82-29: Tax Implications of Donating Plasma
IRS guidance provides a specific tax framework for plasma donors, treating compensation as business income and allowing for the recovery of related costs.
IRS guidance provides a specific tax framework for plasma donors, treating compensation as business income and allowing for the recovery of related costs.
Individuals compensated for donating plasma often have questions about the tax implications of these payments. The Internal Revenue Service (IRS) has provided guidance clarifying how this income and related costs are treated. This guidance establishes that the money is taxable and that certain expenses can be used to offset that income, which impacts how a donor reports their earnings.
Compensation received for the frequent donation of plasma is considered taxable income by the IRS. This is based on the view that the donor is engaged in a trade or business. Revenue Ruling 82-29 clarifies that payments for plasma are compensation for a service, not a gift, and constitute a business activity.
The classification as a trade or business distinguishes the activity from a hobby or a charitable act. When a person donates plasma regularly for payment, the IRS considers them to be operating a small business. This means the income is subject to both regular income tax and self-employment taxes.
This treatment contrasts with the tax handling of charitable donations. While one can deduct the value of property given to a qualified charity, one cannot deduct the value of services rendered. Compensated plasma donation is a business transaction, so it falls into the category of taxable earnings.

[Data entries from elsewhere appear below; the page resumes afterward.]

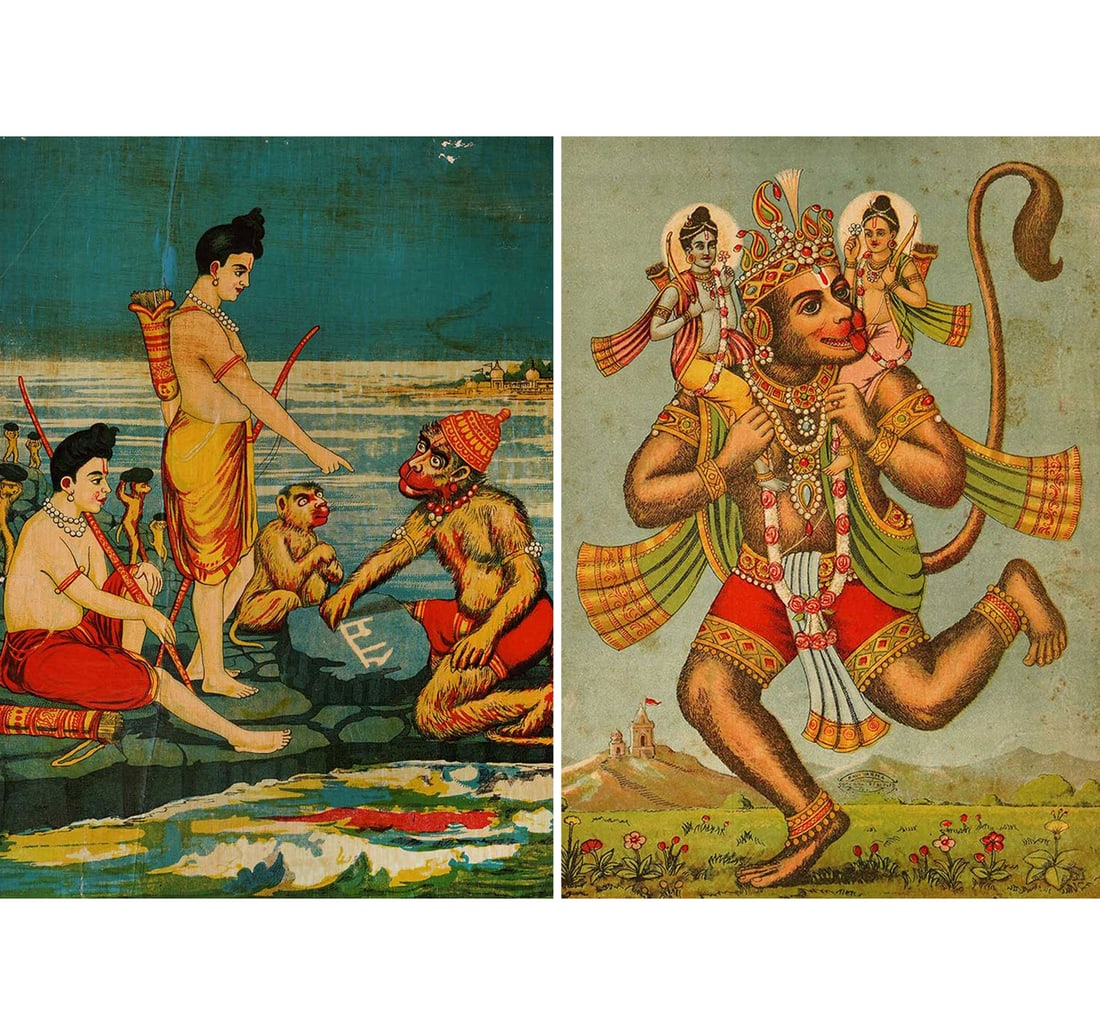 RAVI VARMA OLEOGRAPH ON PAPER SET OF TWO PRINTS (I) RAM-SETU (II) HANUMAN: SET OF TWO PRINTS (I) BRIDGE-BUILDING OR RAM-SETU NARRATIVE TRADITIONS (II) HANUMAN CARRYING RAMA & LAKSHMANA Size: (I) (II) 24.5 x 34.8 cm (9.5 x 14 Inches), (II) 24.4 x 35.3 cm (9.5 x 14 Inches)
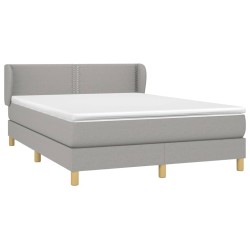 Boxspringbett mit Matratze Hellgrau 140x190 cm Stoff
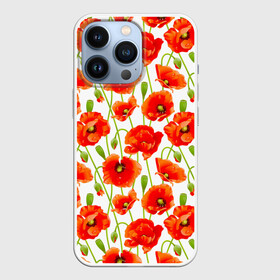 Чехол для iPhone 13 Pro с принтом Маки в Новосибирске,  |  | flowers | красные | маки | паттерн | цветы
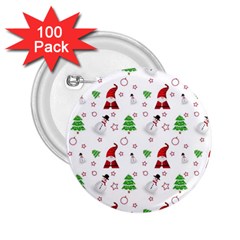 Santa Claus Snowman Christmas Xmas 2 25  Buttons (100 Pack)  by Amaryn4rt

Because plasma donation income is classified as business income, the donor can deduct expenses that are both “ordinary and necessary.” An ordinary expense is common in that type of business, while a necessary expense is helpful and appropriate. These deductions reduce the amount of income subject to taxation.
The most common deduction is for vehicle expenses traveling to and from the donation center. Donors can deduct the actual costs of using their vehicle or use the standard mileage rate set by the IRS, which is 70 cents per mile for 2025. To claim this, a donor must keep a log of the dates, mileage, and purpose of each trip.
Other potential deductions include parking fees and tolls paid during trips to the plasma center. Donors may also deduct the cost of special dietary items recommended by the center for recovery. For any expense to be deductible, the donor must maintain records, including receipts and logs, to substantiate the claims.
Reporting plasma donation income follows self-employment procedures. If a donor receives $600 or more from a single plasma center during the year, the center must send them a Form 1099-NEC, Nonemployee Compensation. Even if a donor does not receive a 1099-NEC, they are legally obligated to report all income.
This income is reported on Schedule C (Form 1040), Profit or Loss from Business. The total compensation is entered as gross receipts, and deductible expenses are listed in the appropriate categories on the form.
The net profit is calculated by subtracting total expenses from gross income on Schedule C. This net profit figure is then carried over to Schedule 1 of Form 1040 and added to other income. It is also used to calculate self-employment tax on Schedule SE (Form 1040), Self-Employment Tax.